COURSE DESCRIPTION FOR THE UNITED STATES; 1492-1865
This course analyzes the interaction among individuals, communities, states, the nation, and the world, considering how these interactions have contributed to the development of the United States and its global role. As required by the Undergraduate Studies Advisory Committee, with the guidance of the Texas Higher Education Coordinating Board, this course fulfills the Coordinating Board’s Exemplary Educational Objectives and Core Objectives (Texas Core Curriculum Code 060) for U.S. History. Following the Core Objectives, this course examines past events and ideas relative to the United States. Lectures, readings, written assignments, and discussions in this course will address four Core Objectives: Critical Thinking Skills, Communication Skills, Personal Responsibility, and Social Responsibility. The Texas Common Course Number (TCCN) for this course is HIST 1301.
This course is organized around five Big Ideas, or recurrent historical themes. As you study American history with us, will see them in different forms again and again throughout the year, from the earliest days of colonial America to the Civil War. They are:
• American Identities: Since its colonial beginnings, the American identity has been formed by sometimes uneasy and evolving relationships among many people.

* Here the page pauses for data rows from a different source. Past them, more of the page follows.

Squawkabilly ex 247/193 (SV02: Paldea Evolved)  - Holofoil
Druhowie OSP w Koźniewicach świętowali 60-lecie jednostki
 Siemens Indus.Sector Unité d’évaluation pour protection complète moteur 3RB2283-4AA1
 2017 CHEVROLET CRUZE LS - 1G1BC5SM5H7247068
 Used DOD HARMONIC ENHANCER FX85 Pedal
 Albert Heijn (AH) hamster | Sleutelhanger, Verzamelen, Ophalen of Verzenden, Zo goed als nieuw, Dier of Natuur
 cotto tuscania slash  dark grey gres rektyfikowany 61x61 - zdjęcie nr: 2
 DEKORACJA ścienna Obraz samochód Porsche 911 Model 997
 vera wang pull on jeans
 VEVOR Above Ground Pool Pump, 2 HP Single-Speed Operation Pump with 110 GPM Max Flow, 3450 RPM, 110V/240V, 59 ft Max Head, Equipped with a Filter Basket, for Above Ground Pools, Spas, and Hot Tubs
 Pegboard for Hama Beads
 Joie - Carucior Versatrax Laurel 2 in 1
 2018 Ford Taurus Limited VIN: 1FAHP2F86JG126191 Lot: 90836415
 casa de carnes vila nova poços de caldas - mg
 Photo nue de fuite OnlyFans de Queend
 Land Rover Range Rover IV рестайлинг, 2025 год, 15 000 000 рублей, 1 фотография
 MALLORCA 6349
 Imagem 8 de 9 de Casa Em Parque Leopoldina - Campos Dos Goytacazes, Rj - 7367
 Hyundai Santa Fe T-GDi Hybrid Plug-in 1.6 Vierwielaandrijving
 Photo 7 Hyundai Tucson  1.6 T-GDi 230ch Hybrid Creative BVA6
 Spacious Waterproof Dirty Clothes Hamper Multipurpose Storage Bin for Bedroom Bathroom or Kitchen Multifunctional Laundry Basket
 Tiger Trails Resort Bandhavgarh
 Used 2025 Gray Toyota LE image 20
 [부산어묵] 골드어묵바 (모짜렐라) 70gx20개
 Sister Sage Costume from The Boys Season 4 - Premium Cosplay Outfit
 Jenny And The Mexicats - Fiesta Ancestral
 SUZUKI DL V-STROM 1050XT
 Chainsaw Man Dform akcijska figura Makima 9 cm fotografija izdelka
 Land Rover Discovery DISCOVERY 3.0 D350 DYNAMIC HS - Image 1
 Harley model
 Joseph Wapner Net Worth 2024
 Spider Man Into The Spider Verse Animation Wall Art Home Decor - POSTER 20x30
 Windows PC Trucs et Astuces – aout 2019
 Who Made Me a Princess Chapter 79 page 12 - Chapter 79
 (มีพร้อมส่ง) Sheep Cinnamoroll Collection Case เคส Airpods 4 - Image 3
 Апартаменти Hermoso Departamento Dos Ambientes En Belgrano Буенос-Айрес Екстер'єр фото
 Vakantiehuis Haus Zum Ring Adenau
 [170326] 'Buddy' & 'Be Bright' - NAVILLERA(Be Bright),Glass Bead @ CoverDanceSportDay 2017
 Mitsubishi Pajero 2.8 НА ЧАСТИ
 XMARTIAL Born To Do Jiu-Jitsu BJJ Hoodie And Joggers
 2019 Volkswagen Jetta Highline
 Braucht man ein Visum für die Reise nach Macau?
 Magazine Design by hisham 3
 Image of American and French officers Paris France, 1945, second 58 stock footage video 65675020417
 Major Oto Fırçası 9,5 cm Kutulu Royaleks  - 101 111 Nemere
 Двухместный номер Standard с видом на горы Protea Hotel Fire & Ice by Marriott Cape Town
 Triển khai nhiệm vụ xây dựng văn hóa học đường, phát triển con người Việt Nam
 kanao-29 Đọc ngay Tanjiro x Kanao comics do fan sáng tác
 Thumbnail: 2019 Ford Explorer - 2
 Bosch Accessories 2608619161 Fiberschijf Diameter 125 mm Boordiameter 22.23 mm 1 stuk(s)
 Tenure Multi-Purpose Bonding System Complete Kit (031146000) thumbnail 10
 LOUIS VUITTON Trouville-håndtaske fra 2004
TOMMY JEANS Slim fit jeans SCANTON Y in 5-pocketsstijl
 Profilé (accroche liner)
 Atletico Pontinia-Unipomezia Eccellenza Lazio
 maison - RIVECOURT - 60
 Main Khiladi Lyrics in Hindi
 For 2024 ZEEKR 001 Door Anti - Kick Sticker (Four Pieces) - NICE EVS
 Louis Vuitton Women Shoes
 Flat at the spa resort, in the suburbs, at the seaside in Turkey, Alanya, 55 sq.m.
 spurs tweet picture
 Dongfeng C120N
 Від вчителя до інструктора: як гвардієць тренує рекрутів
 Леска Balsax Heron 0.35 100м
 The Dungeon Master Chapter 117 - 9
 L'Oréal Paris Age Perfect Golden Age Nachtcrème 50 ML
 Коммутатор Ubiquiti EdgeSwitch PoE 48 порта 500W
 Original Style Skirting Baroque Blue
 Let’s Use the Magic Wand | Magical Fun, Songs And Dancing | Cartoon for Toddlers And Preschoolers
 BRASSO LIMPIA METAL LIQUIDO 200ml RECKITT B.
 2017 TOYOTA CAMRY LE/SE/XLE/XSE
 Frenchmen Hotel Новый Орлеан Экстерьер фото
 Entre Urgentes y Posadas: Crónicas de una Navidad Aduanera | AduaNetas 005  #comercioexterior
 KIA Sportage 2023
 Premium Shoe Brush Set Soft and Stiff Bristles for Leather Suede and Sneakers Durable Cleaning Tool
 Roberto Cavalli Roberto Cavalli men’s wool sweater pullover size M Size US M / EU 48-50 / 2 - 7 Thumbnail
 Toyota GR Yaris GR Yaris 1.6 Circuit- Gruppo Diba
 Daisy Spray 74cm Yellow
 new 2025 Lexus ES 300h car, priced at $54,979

• Labor and Technology: New machines and technologies have expanded America’s agricultural and industrial productivity, but often at the expense of workers, both free and enslaved.
• America and the World: America’s role in the world began on the periphery and has moved to take a central place.
• Reforms and Renewals: The Puritan mission to create a City on a Hill has been adopted in many forms throughout America’s history, resulting in social and political movements that reinvigorate and often challenge Americans to reflect on their future.
• Self and Society: Our increasingly participatory democracy reflects a changing and carefully negotiated balance between individual freedoms and the social and political structures intended to protect the best interests of community and nation.